Write up draft

krishnangovindraj · krishnangovindraj · commit 07e70c5aa86a · 2025-09-10T19:47:25.000+02:00
diff --git a/reference/modules/ROOT/pages/typeql/functions/functions-vs-rules.adoc b/reference/modules/ROOT/pages/typeql/functions/functions-vs-rules.adoc
@@ -1,4 +1,194 @@
 = Functions v/s rules
 
-[placeholder]
-Comparing 3.x functions to 2.x rules
+TypeDB 3 introduces functions to reason over your data.
+They replace rules, which were the way to reason in TypeDB 2.
+Functions work in a similar way to rules, providing an intuitive abstraction over subqueries. They should be able to replace them in most cases.
+This page discusses the similarities, differences and factors to consider when moving from rules to functions.
+
+== Separating data & computation
+Whereas rules were a natural fit for predicate-logic based semantics of TypeDB 2,
+rules are better suited for TypeDB 3's type-theory based semantics.
+The major difference to the user is that there is now a separation between the data and reasoning machinery.
+Rules allowed the user to think reason purely in terms of the data-model and silently completed the data with inferred concepts.
+Functions force the user to separate reasoning from the data-model, making the computation involved in the query more explicit and the process more transparent overall.
+
+Although this shift sounds significant, the truth is most advanced rules required the user to think of the computation involved for efficiency reasons.
+
+== Similarities
+Although one would ideally think natively in functions, it is easy to see the similarities between rules and functions.
+
+E.g. A rule completing a `reachable` relation transitively, can be seen as a function which computes all pairs of reachable nodes.
+Conversely, the function can be seen as special type of relation where the roles are implicitly specified by the position of arguments or returned concepts.
+
+[,typeql]
+----
+define
+rule transitive-reachability:
+when {
+  {
+    (from: $from, to: $to) isa edge;
+  } or {
+    (from: $from, to: $via) isa edge;
+    (from: $via, to: $to) isa reachable;
+  };
+} then {
+  (from: $from, to: $to) isa reachable;
+};
+
+# query
+match
+  $x isa node; $y isa node;
+  (from: $x, to: $y) isa reachable;
+----
+
+[,typeql]
+----
+define
+fun reachable() -> { node, node }:
+match
+  {
+    (from: $from, to: $to) isa edge;
+  } or {
+    let $from, $via in reachable();
+    (from: $via, to: $to) isa edge;
+  };
+return { $from, $to };
+
+# query
+match
+  $x isa node; $y isa node;
+  let $x, $y in reachable();
+----
+
+An equally valid way is to see a function as a predicate computing whether one node is a reachable from the other.
+[,typeql]
+----
+define
+fun reachable($from: node, $to: node) -> bool:
+match
+  {
+    (from: $from, to: $to) isa edge;
+  } or {
+    (from: $from, to: $via) isa edge;
+    true == reachable($via, $to);
+  };
+return check;
+
+# query
+match
+  $x isa node; $y isa node;
+  true == reachable($x, $y);
+----
+
+== Arguments & return values
+From the example, there are multiple ways of expressing the same rule as a function.

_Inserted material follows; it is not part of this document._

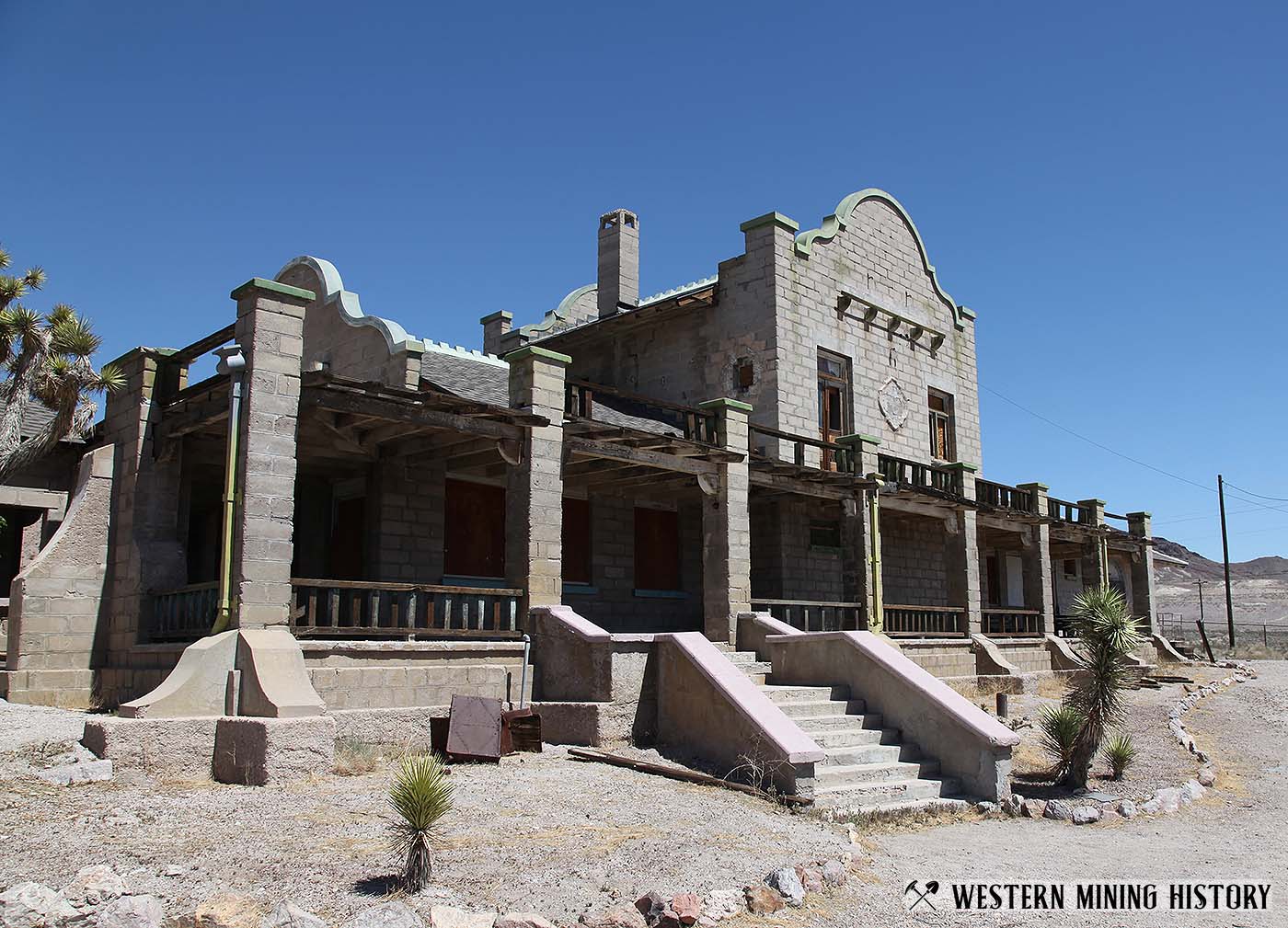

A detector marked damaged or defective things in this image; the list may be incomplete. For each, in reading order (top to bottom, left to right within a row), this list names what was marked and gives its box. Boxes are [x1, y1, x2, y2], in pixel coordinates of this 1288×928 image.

rusted metal object [445, 695, 500, 762]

+This is understandable given (mathematically) a relation is a collection of tuples,
+whereas a function is a mapping from the input domain to the output range.
+So there is some ambiguity as to which members are inputs and which are outputs.
+
+This depends on the context - what needs to be computed in the query.
+We may want to enumerate the pairs of nodes for which one is reachable from the other,
+check whether a node is reachable from the other,
+or even enumerate the nodes reachable from a given node:
+
+[,typeql]
+----
+define
+fun reachable_from($from: node) -> { node }:
+match
+  {
+    (from: $from, to: $to) isa edge;
+  } or {
+    let $via in reachable_from($from);
+    (from: $via, to: $to) isa edge;
+  };
+return { $to };
+
+# query
+match
+  $x isa node, has id "123";
+  $y isa node;
+  let $y in reachable_from($x);
+----
+
+Currently, each of these use cases would need a different function to be defined.
+The arguments are inputs to the function and must be bound by the rest of the query.
+The function will bind the returned values to the variables on the left of `in`.
+
+
+== Partial evaluation of functions
+Although the split between arguments and returned concepts is a reasonable consequence of
+having the user think about the computation explicitly, it's less declarative than the rules
+where the planner would infer which role-players of a relation should be bound before evaluating the rules.
+In the future, we hope to introduce "partial functions" where the planner may choose to leave some
+it to the function to bind some of the arguments instead of requiring them as outputs.
+
+== What functions can do
+Since functions aren't forced to return relations (or ownerships) which are defined in the schema,
+they are more flexible and can also operate on raw values, including structs (when they are implemented).
+Since they don't infer new instances, they also avoid the overhead
+of making the result of the subquery abide by the rules governing the inferred types.
+In short, they're a really simple way of doing reasoning.
+
+Functions are still evaluated on demand in a goal-driven way.
+This means we don't materialize all the results of the function when the data is updated.
+Instead, we only compute the calls relevant to the query being evaluated.
+The advantage of a goal-driven approaches over an eagerly materializing one is that they support very large models
+(in theory infinitely large models - i.e. an infinite number of inferred concepts).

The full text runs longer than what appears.